Three undergraduate shows opened inside of two days this week, and on opening nights there are always some editors of the CRIMSON who like to stay up late and watch the theatre people come in for their reviews. They seem almost to be carrying champagne goblets in their hands, boys in black tuxedos or oversize Chester-fields, white silk scarves draped carelessly about their necks, forever kissing girls in red coats with fur collars, and sometimes kissing each other.
There is never so much color and laughter in the building as on opening nights. The editors, who are loquacious enough when the newsroom is their own, seem wan, unshaven, even vaguely underdressed, as if they had forgotten to scrub for their own party.
Lately, since CRIMSON reviewers have decided it is nicer to be loved than feared, the old enemy-encampment aura has disappeared from the place, and a certain familiar felicity in power exists between the paper and the world of drama.
The theatre people have taken to calling editors "baby" or "sugar," and usually at least three or four of them throw their arms gaily about the reviewer before the sun rises. In the old days, when bitter pans were more the mode, the cast waited anxiously in the outer hall as the reviewer typed out his vitriol behind closed doors, handed his copy to the night editor, and left through the window. Now the cast simply moves its party into the newsroom at about 3 a.m., and many drop into the downstairs office to ask the reviewer how he enjoyed the show or chat about other matters.
CRIMSON editors are used to staying up all night--that is the way they get their paper out--but the very hour constitutes a special occasion for the theatre people and their exhiliration lends a curious atmosphere of bustle to the preparation of the morning edition. Editors scurry about with a more purposeful air; glancing over A.P. dispatches, composing headlines, running up from the basement to report how much type has been set. And the theatre people act drunker than they are; preening themselves, performing little dances or comic bits with one another, trying to engage editors in their own brand of snappy repartee, joking together about the fatuities of the CRIMSON.

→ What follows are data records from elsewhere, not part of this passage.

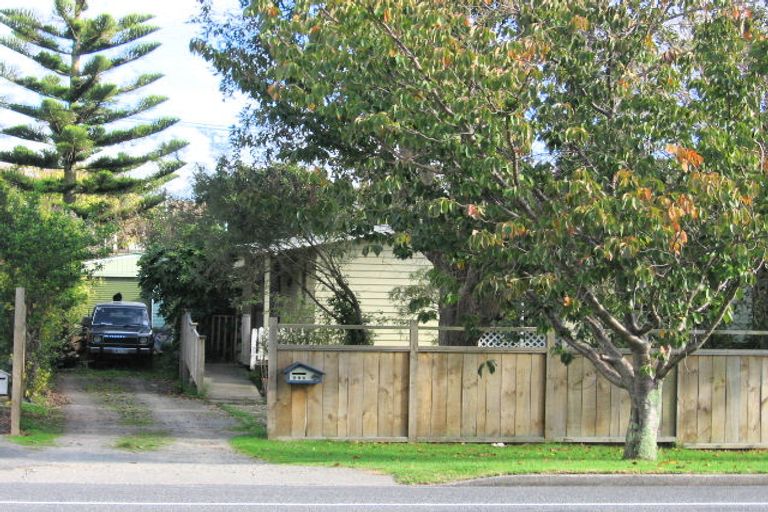 Photo of property in 296 Te Moana Road, Waikanae, 5036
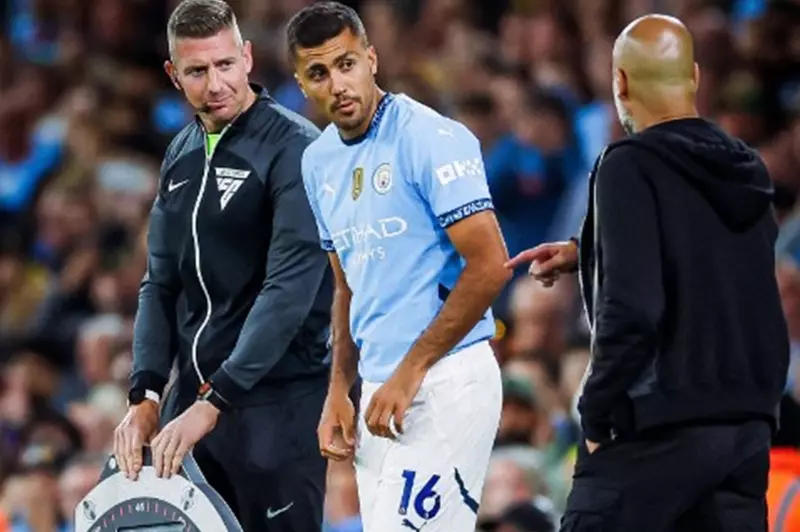 صباحك من الطراز الأوروبي: عودة رودري، تجديد عقد رافينيا، وتهديد لريال مدريد.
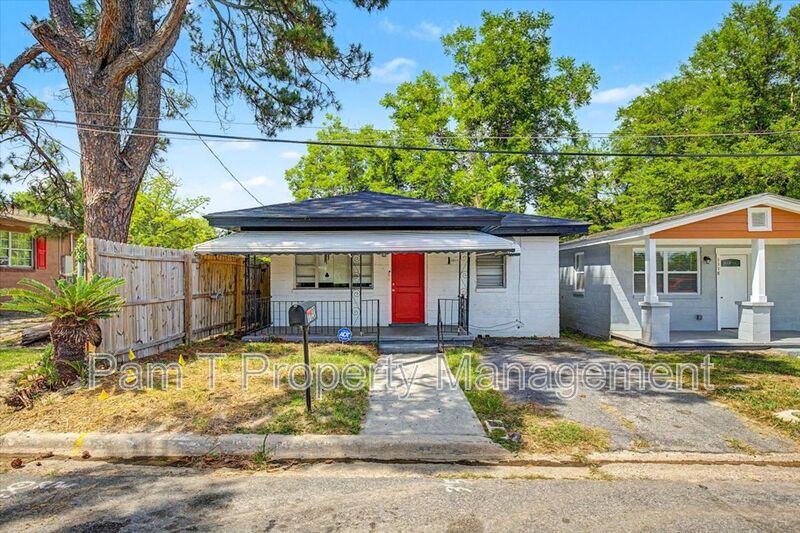 Savannah House: 1120 Darwin St
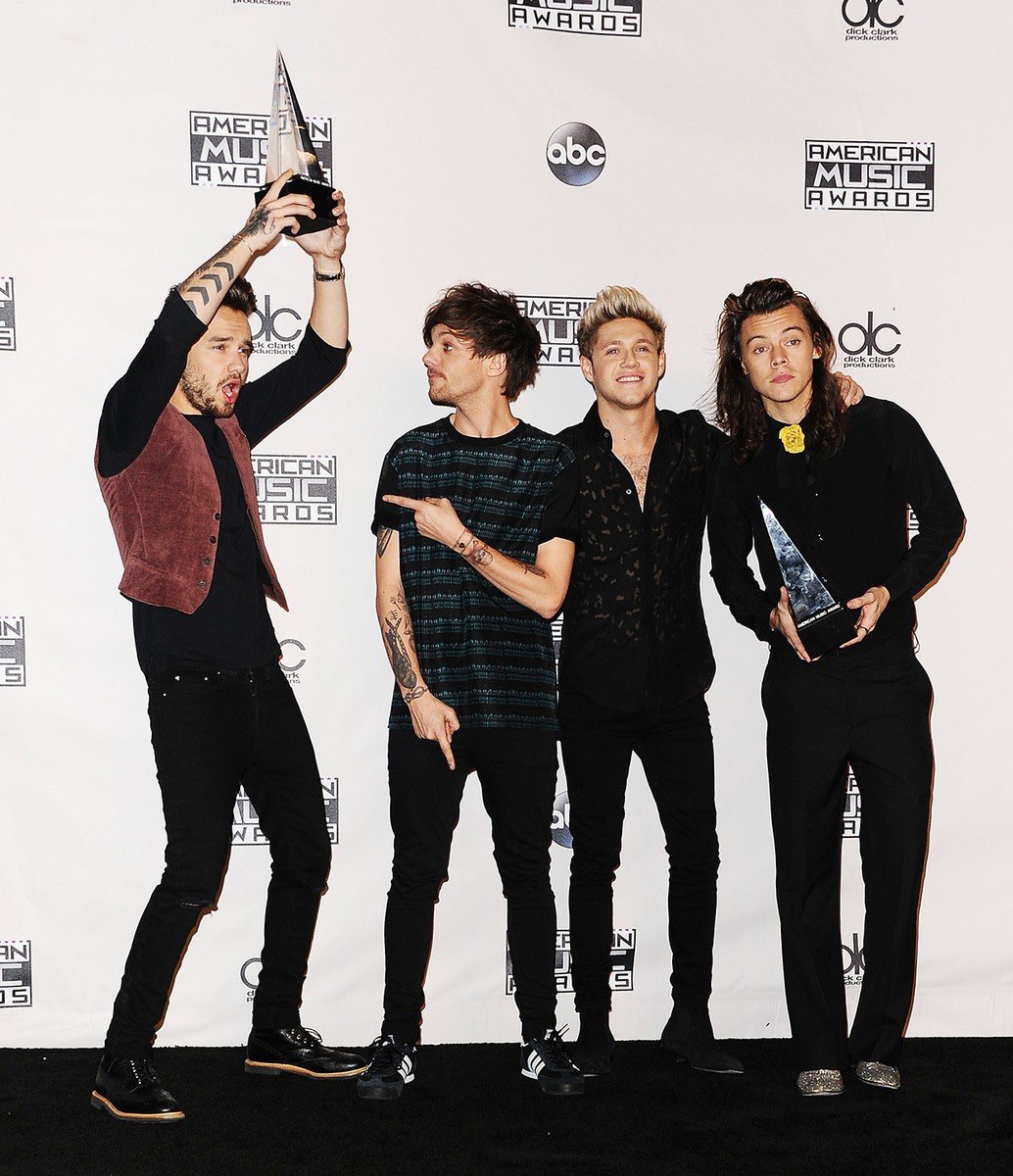 •2015-the worst year bcos that’s when ZAYN MALIK departed from the groupN an album release MADE IN THE AM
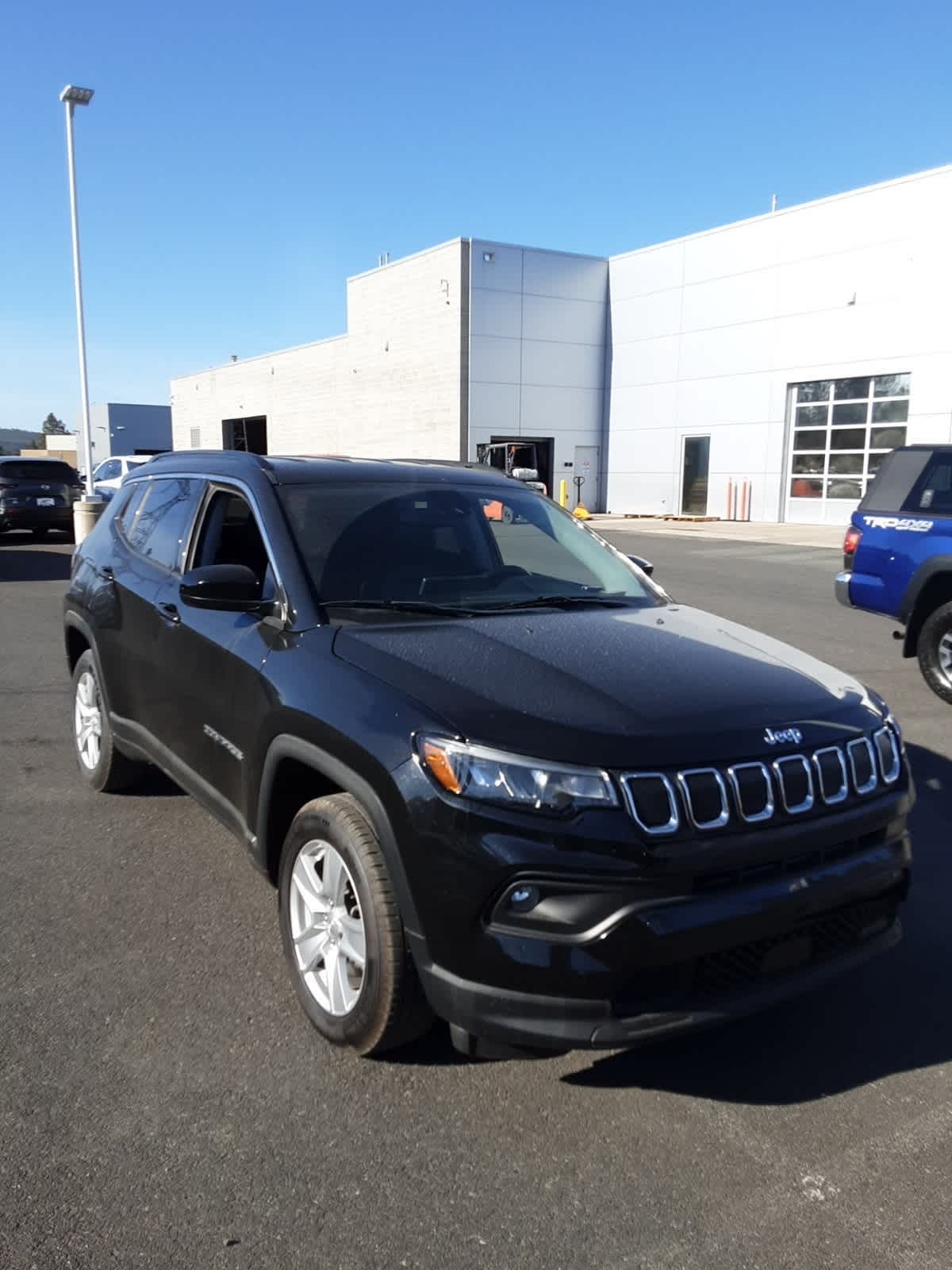 2022 Jeep Compass Latitude photo 2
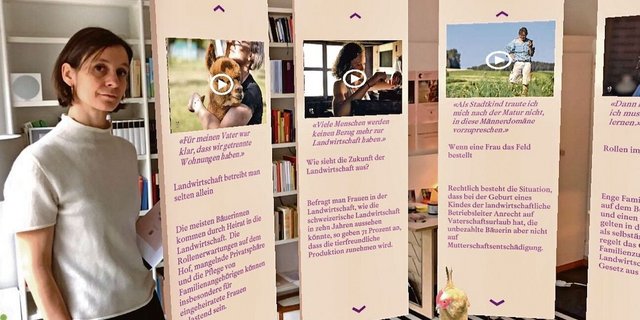 Initiantin Vanessa Simili mit einem Teil der virtuellen Ausstellung, die man sich über eine App zu Hause ansehen kann.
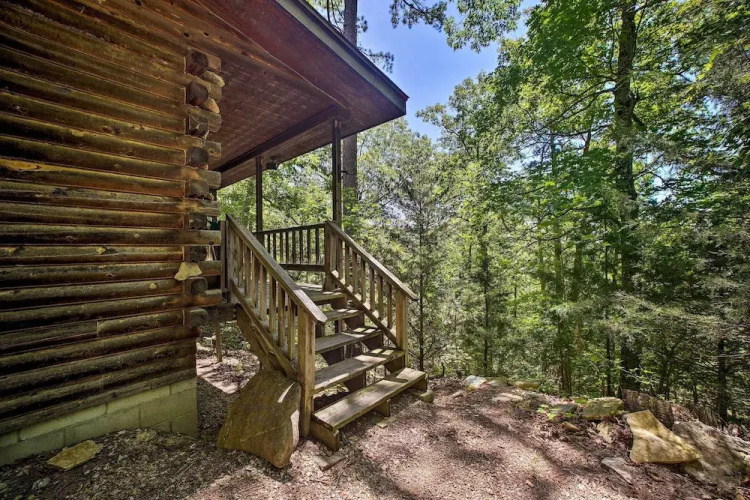 Eureka Springs Studio w/ Deck, Views & Bbq!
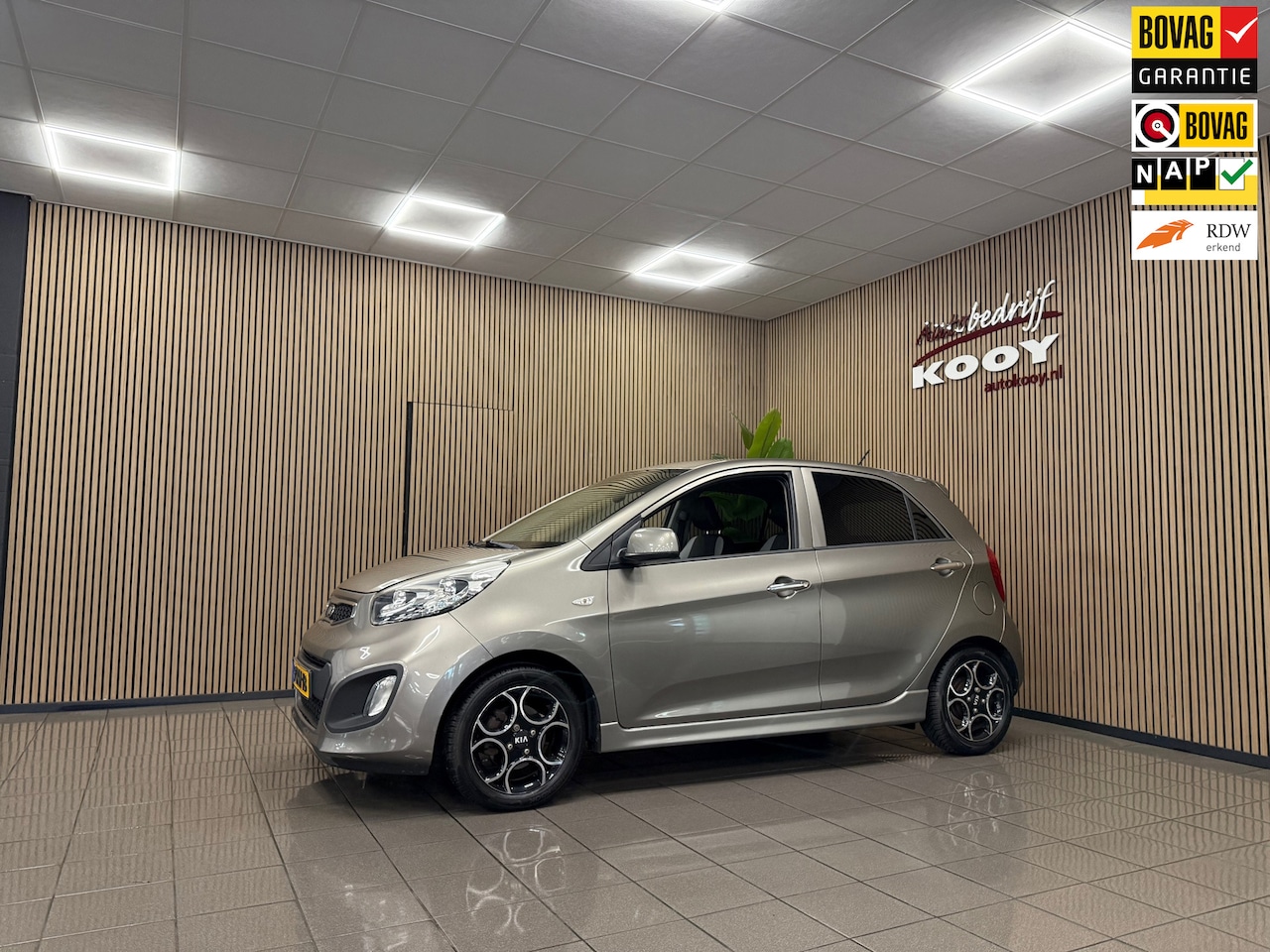 Kia Picanto - 1.2 CVVT World Cup Ed. * Airco / LM Velgen / Goed onderhouden / NL Auto * - AutoWereld.nl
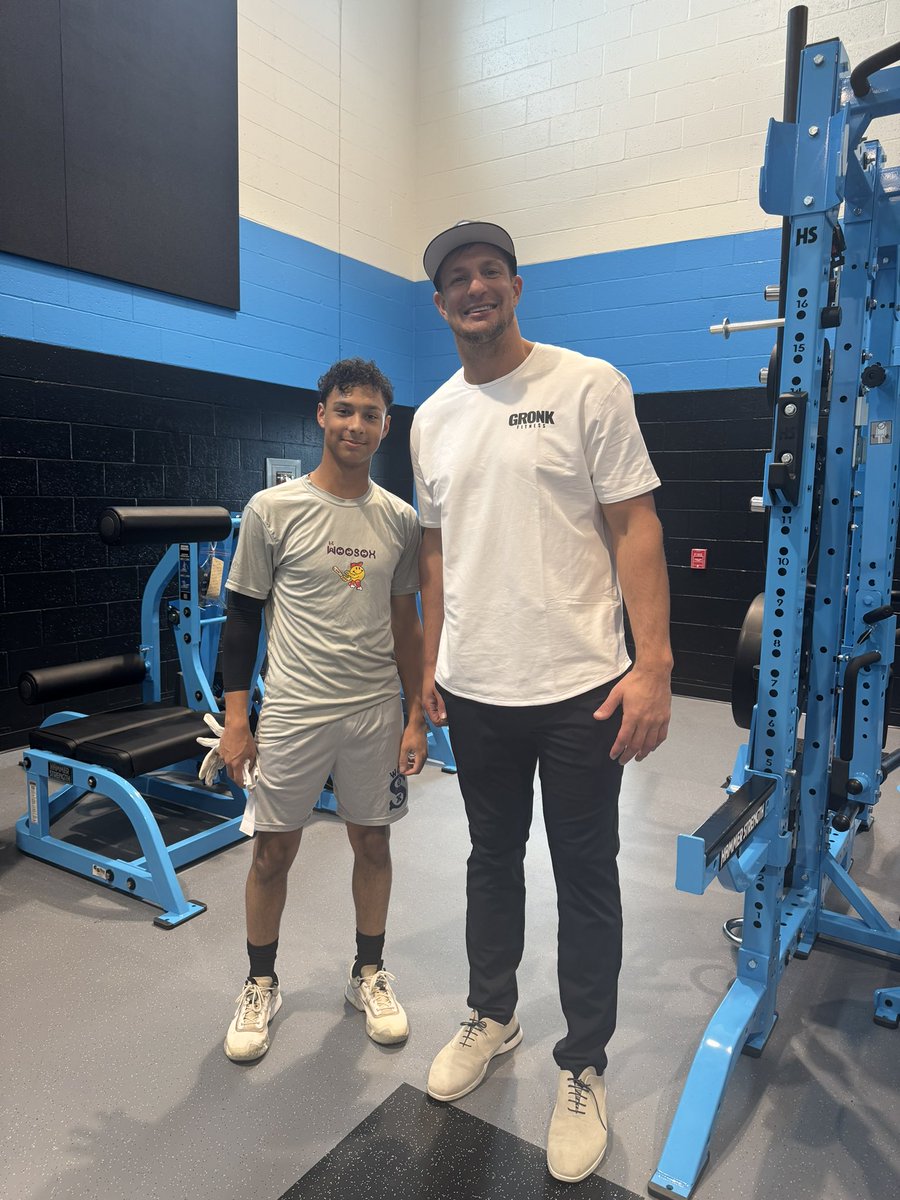 I met <a href="/RobGronkowski/">Rob Gronkowski</a> this week @ school 🩵🖤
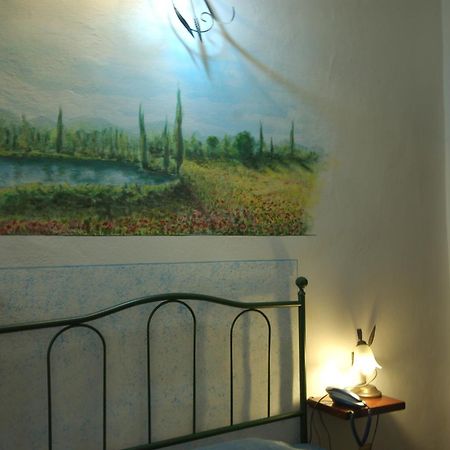 Hotel Leonardo Pisa Camera foto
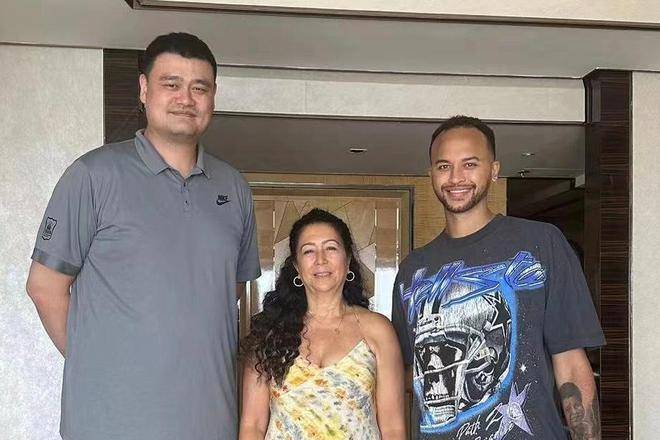 NBA球星来了，李凯尔和妈妈与姚明合影，恭喜中国男篮，实力大增插图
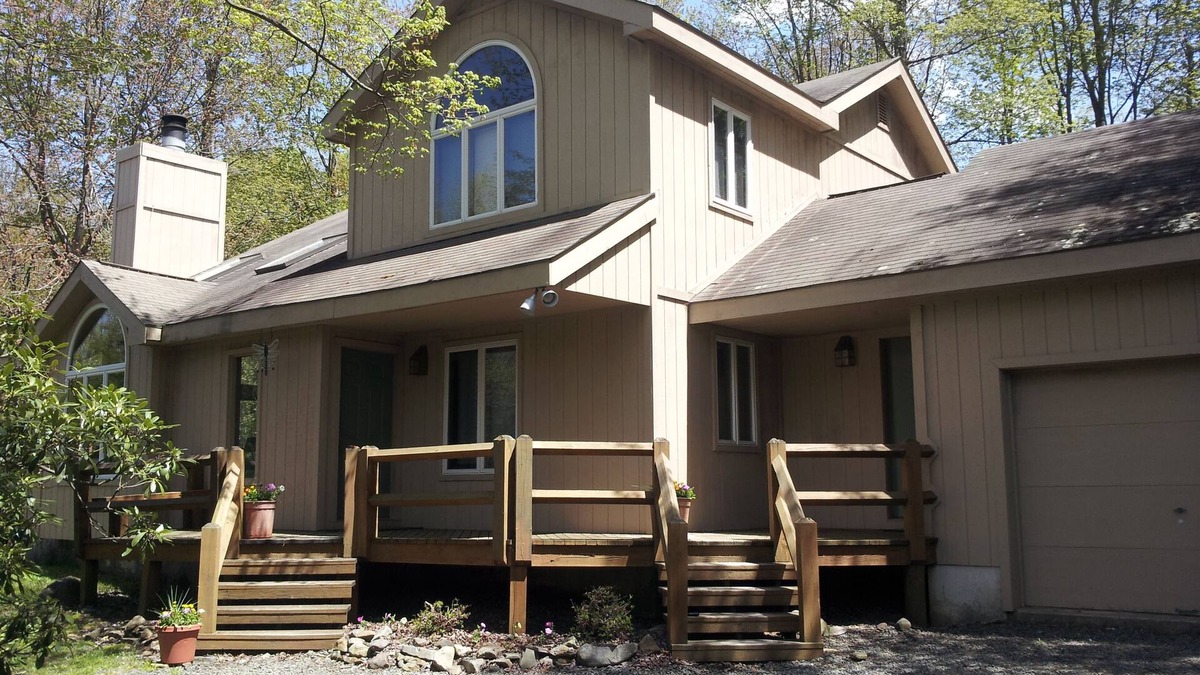 Pocono Pines House | WE HAVE TEMPORARY MEMBERSHIPS! HIKE! EXPLORE! SHOP! WINE TASTE! HUNT ANTIQUES!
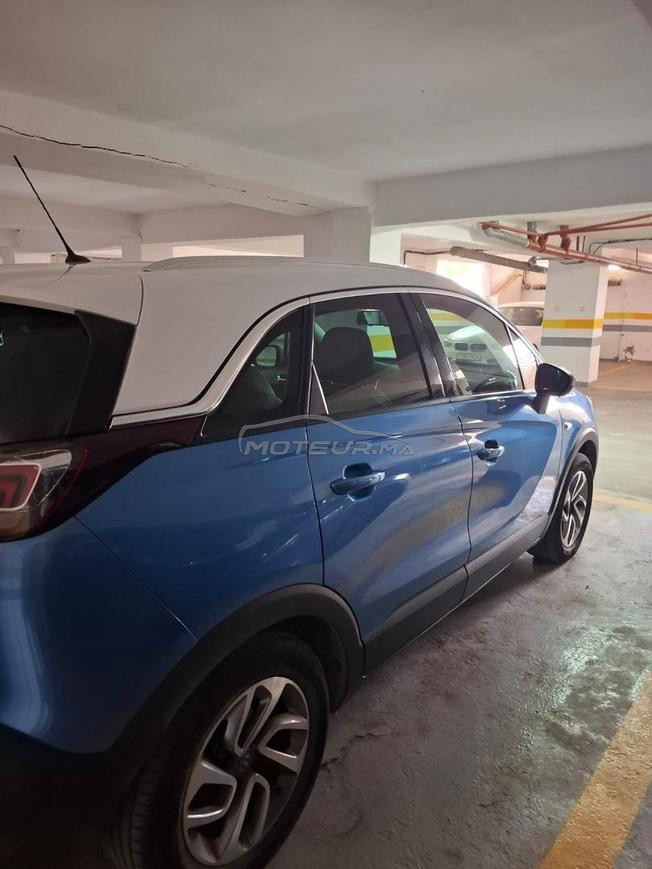 opel crosland 2018 très bon état ,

In all the banter there lurks the secret understanding that we are, after all, only college students playing Newspaper, they college students playing Entertainment. We are a little awed by their dazzle, they a bit impressed by the cacaphony of typewriters and long-distance phone calls.
But each group is prideful of its own heroes and pleasured by the insulated coherence of its own world. Come the next nasty pan this happy commerce between our spheres will diminish, and we shall retreat again for a time, as "writers" and "actors," into the apartheid of mutual ridicule.